We underwent big changes in the past two months – we grew bone-tired of being a victim and realized that yes, we can be proud.
When launching 100LIVES initiative in New York on March 10, Ruben Vardanyan, Noubar Afeyan and Vartan Gregorian had hardly imagined that #BeArmenian, #BeAlive motto would become so dear for thousands of Armenians and would become a reason for cogitation for many.
We learned to be a tad more tolerant. Many of us loved Kim Kardashian, her sisters, her toddler and Kanye West. We started to gradually understand that our strength lies in the differences that we have. As Ralph Yirikian says, we should bunch up those differences to create a “rich mixture.”
Kim Kardashian showed that always having lived far away from his homeland her father has been able to insert a national dignity in his children which is way more appreciable than the controversies accompanying the show-biz. By performing a surprise concert at Swan Lake and throwing himself into it Kanye West did much to broaden the horizon of our optimism and make us forget for a moment our “habit” of taking only rational steps typical of ancient nations. We understood we, too, can be free, happy and a bit crazy.

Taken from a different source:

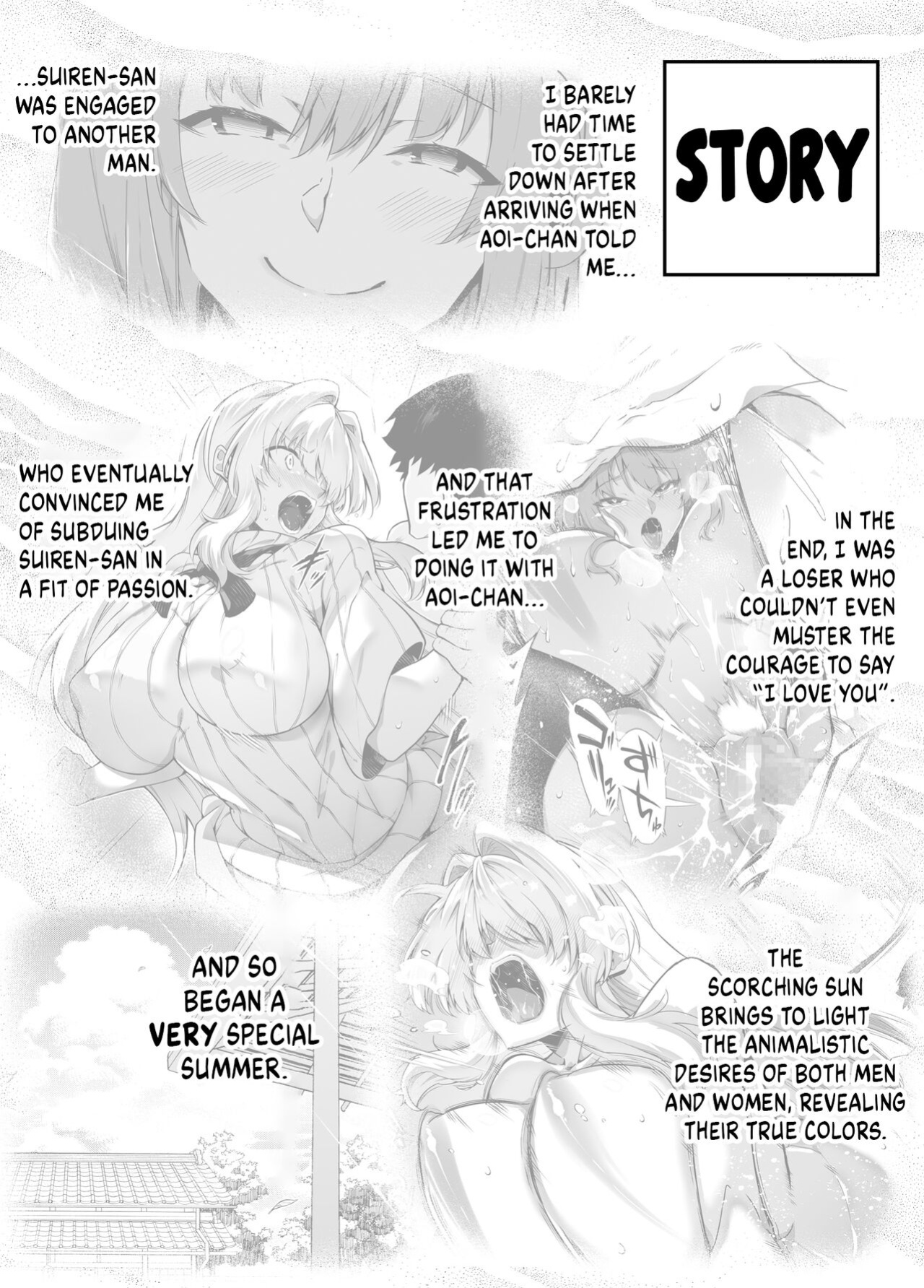 [Asakawa] Natsu no Yari Naoshi 1-4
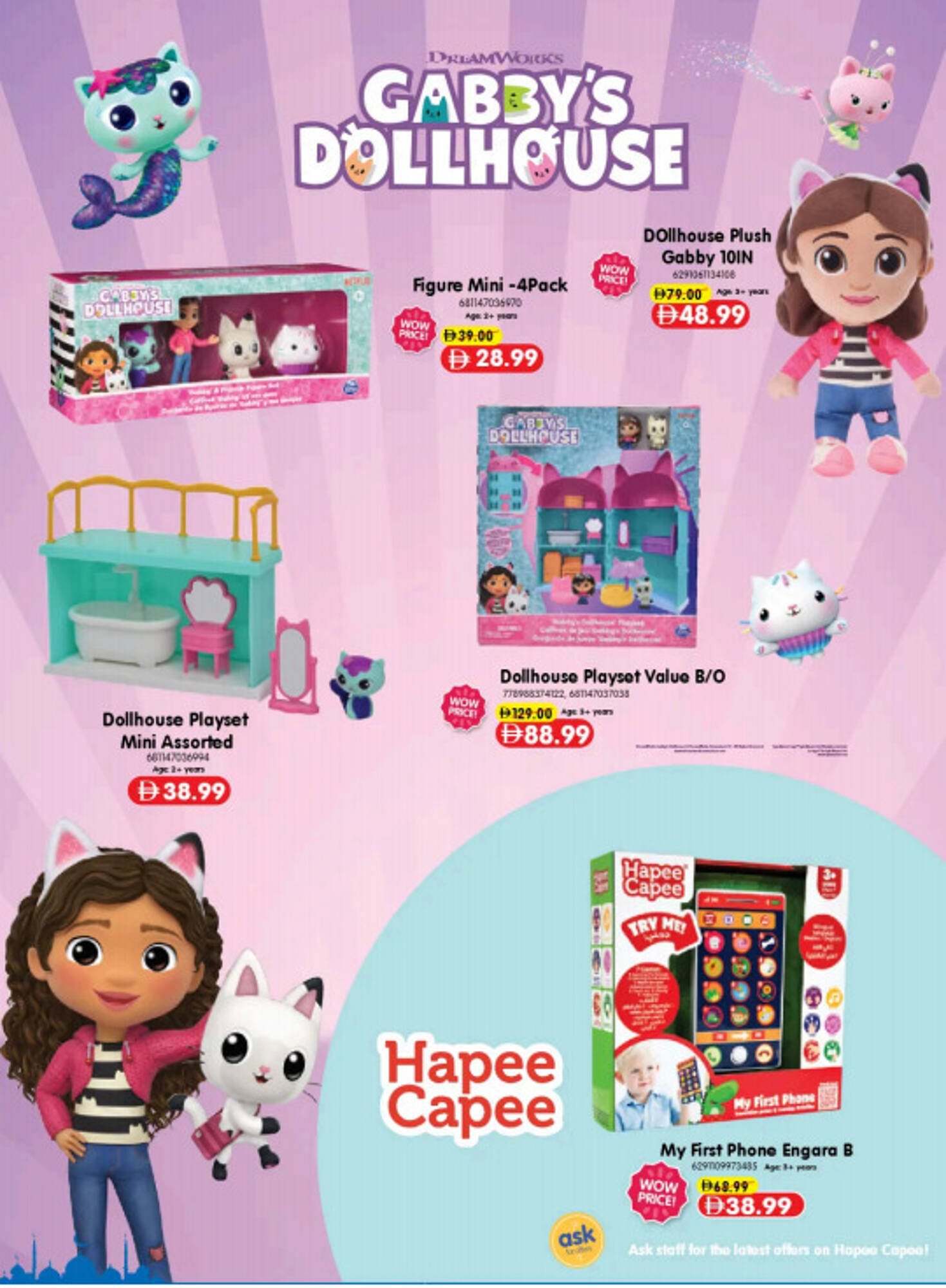 Carrefour catalogue (2026-03-19 - 2026-03-31)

Pope Francis continued what started Kanye West. The Pontiff proved that even in the age of Realpolitik the determinant is the Human. It’s the Human who decides whether we should stick to play on words to define what the slaughterers did to hundreds of thousands of Armenian children or we should remain Humans. Seeing the posture of Pope Francis we realized we are not alone and we should be strong and fulfill the dreams of those hundreds of thousands of kids who were slain 100 years ago.
We, our children and grandchildren are the ones who will achieve those dreams.
The souls of the children martyred 100 years ago were soaring in the drops of rain that were falling from the sky at yesterday’s concert of System of a Down. We all took our portion – the four Armenians proudly standing on the stage and the tens of thousands of Armenians proudly mobbed in the square.
We really changed and changed much during these two months. We realized that Vigen Sargsyan who put forward the fantastic idea of System of a Down’s concert, Serj Tankian who has no scruples in criticizing the Armenian authorities, Ruben Vardanyan who sees the future of Armenia 20-25 years in advance, Kim Kardashian who baptized her daughter in the Armenian Church in Jerusalem, the thousands of bright and beautiful boys and girls who were dancing in the Republic Square and the unexpectedly sweet-tempered and delicate policemen – it’s “us” all.
If somebody told us years ago we would be feasting in the Republic Square a few hours before April 24, we would call them blasphemous and lunatic. But we feasted yesterday. It was the feast, the feast of our spirit, the feast of our future and the feast of those babies that will be born as a result of the crazy love made during these April days.